O "mestre das avalanches" é o norte-americano Frank Coffay. Além jogar as bombas do helicóptero, ele também vai a pé ou de esqui aos locais que irão morro abaixo. Uma vez, no Alasca, chegou a ser soterrado pela neve, mas jura que não ficou traumatizado. "Faz parte da emoção de viver nas alturas", disse a Nossa.

Atletas olímpicos norte-americanos e europeus escolhem Portillo para treinar quando o verão no Hemisfério Norte os deixa sem pistas. Mas, sim, há espaço para nós, novatos, em classes coletivas ou privadas de esqui ou snowboard.

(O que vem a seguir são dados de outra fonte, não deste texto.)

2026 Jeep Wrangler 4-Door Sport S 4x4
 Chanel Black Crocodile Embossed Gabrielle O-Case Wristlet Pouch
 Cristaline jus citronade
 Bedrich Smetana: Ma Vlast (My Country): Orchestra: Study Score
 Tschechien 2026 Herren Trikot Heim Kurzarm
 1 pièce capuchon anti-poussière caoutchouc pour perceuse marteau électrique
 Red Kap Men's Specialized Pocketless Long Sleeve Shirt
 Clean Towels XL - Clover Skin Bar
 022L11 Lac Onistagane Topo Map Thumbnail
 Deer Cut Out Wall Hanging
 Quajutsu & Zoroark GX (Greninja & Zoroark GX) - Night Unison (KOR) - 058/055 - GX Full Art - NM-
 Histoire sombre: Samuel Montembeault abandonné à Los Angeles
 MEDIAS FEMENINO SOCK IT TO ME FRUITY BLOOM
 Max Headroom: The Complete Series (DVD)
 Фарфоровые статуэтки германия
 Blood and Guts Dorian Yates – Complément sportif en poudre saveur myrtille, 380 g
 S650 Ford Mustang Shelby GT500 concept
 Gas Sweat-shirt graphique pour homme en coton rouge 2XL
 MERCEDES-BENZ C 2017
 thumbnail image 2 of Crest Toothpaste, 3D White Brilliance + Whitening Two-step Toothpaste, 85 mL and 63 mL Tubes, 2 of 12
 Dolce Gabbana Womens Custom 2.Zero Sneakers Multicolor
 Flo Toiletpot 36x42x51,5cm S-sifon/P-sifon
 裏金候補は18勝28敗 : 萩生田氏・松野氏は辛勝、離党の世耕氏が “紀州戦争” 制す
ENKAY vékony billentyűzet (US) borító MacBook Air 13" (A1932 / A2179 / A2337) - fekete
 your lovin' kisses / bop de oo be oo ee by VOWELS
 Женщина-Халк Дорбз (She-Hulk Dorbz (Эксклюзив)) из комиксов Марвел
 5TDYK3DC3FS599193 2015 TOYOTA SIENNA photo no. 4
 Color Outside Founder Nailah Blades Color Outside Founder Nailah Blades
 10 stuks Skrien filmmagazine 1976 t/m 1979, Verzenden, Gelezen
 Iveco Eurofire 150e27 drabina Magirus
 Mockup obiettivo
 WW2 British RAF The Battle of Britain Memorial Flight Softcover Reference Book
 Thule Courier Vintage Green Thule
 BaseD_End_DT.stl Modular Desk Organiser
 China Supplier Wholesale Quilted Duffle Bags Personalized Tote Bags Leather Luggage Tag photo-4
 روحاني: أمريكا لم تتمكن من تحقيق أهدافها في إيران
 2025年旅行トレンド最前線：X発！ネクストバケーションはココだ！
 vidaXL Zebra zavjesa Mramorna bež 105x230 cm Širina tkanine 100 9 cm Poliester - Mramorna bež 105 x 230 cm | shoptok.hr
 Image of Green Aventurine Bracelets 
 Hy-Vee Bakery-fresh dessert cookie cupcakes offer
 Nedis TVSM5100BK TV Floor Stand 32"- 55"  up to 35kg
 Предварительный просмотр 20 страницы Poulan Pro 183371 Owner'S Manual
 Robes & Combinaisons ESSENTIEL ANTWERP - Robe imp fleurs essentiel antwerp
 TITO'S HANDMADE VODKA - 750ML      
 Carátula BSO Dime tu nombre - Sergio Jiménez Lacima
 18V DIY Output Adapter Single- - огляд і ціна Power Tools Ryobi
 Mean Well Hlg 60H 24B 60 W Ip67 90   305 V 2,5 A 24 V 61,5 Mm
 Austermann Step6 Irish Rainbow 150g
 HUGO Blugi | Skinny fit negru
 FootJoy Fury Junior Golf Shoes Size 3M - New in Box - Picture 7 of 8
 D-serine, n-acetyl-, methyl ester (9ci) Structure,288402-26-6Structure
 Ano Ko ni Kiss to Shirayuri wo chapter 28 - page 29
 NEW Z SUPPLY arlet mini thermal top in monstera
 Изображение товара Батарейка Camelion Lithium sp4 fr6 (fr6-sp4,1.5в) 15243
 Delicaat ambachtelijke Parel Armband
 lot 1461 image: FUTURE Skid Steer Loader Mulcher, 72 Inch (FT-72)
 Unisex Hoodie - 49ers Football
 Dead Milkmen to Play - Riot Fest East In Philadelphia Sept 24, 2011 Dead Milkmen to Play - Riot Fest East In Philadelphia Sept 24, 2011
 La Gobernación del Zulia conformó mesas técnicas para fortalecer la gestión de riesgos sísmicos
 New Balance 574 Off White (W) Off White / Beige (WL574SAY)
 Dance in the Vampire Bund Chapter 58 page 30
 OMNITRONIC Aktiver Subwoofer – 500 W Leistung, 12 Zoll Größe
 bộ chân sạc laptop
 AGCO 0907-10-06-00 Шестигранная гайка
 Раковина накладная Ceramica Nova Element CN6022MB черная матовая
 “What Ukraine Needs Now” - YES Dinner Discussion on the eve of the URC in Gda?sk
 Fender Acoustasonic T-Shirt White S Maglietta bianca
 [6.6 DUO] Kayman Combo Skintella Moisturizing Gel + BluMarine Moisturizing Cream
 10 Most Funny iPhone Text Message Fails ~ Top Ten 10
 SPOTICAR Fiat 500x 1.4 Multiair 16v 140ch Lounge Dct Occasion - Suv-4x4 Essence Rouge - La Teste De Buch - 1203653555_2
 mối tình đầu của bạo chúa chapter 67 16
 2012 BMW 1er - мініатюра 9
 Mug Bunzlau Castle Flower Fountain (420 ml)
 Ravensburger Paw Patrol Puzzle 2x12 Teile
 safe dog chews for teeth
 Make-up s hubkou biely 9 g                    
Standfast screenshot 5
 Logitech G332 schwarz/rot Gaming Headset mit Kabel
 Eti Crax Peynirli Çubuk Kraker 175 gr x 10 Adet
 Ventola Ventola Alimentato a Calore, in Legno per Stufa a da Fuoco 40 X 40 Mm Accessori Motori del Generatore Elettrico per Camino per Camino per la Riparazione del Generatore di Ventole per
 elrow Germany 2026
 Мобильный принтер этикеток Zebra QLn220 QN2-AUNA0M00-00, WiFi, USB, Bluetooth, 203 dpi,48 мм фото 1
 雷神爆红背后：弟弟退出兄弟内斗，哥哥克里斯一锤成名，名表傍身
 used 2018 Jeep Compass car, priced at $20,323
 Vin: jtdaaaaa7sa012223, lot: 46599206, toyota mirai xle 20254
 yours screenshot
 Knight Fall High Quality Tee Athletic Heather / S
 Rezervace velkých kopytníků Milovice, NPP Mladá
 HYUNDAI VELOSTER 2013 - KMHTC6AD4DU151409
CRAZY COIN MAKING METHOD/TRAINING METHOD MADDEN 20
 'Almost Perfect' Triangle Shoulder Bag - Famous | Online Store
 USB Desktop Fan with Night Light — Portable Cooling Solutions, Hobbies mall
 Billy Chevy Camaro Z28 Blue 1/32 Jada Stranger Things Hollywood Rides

No pool de professores experientes, há brasileiros como a paulistana Isabella F. da Silva. Entre um tombo e outro (meus, claro) ela explicou porque a neve de Portillo atrai tantos amantes do esqui:

Aqui há uma neve seca que proporciona dias incríveis de powder [neve fresca, recém-caída nas montanhas]. Quanto mais seca a neve, mais leve e fofinha ela fica — e é disso que a gente gosta!"

Nem de longe cheguei às pistas pretas, preferidas dos experts, mas tive a chance de chegar aonde só eles podem ir a hora que quiserem: o Tio Bob's. Trata-se de um restaurante a 3.200 metro acima do mar, com mesinhas com vista panorâmica para o combo completo: pistas, montanhas e a Laguna del Inca.

Você chega até lá nas cadeirinhas e desce... esquiando. Calma. Por um breve período do dia, permite-se também baixar pelo teleférico. É a chance de "perebas" como eu também chegarem ao "bar mais alto dos Andes" — e voltarem ilesos, invejando o ziguezague dos experts sob nós.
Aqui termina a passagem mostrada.